Dr Jameson withdrew at the eleventh hour because she felt it would be too confrontational.

And she’s right. Of course it was going to be confrontational that’s why a 50-strong body of patients and relatives were going to the meeting to confront NHS bosses with concerns about lack of care from nursing staff, mortality rates, and allegations that some patients were suffering from malnutrition. If that worry list doesn’t demand some kind of confrontation with those responsible then I don’t know what does.

Feelings were running high among all those who believed that they had a legitimate grievance with the way the local NHS Trust, which has the Royal Oldham in its care, had let them down.

It is right that those grievances were aired and it was right that senior NHS representatives should be there to respond and to give assurances about the quality of care available in what is the people’s health service.

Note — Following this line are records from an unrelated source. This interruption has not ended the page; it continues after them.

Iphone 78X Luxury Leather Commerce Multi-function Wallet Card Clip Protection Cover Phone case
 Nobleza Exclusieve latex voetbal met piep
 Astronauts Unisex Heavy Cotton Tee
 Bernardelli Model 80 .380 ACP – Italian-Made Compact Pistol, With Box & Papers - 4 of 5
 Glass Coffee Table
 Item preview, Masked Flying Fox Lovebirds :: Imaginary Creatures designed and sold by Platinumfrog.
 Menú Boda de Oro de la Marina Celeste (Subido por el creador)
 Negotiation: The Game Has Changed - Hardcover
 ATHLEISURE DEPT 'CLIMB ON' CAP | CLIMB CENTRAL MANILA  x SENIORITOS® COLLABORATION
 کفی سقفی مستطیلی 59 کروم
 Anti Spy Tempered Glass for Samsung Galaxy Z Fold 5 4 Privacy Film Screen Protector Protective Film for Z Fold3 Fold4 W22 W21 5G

Running and hiding away in a darkened corner does the NHS no favours and is certainly not fair on those who feel they have a legitimate grievance. They want answers and assurances not evasion.



FINAL WORD: Neighbourhood policing, pioneered in Oldham, has achieved outstanding success, making huge reductions in crime in several parts of the borough.


Congratulations are due to all concerned but we await with some trepidation, the politically-motivated wholesale release of prisoners, the growing numbers of people out of work and the rise in the number of those who cannot afford further or higher education and advise everyone to buy plenty of good strong locks.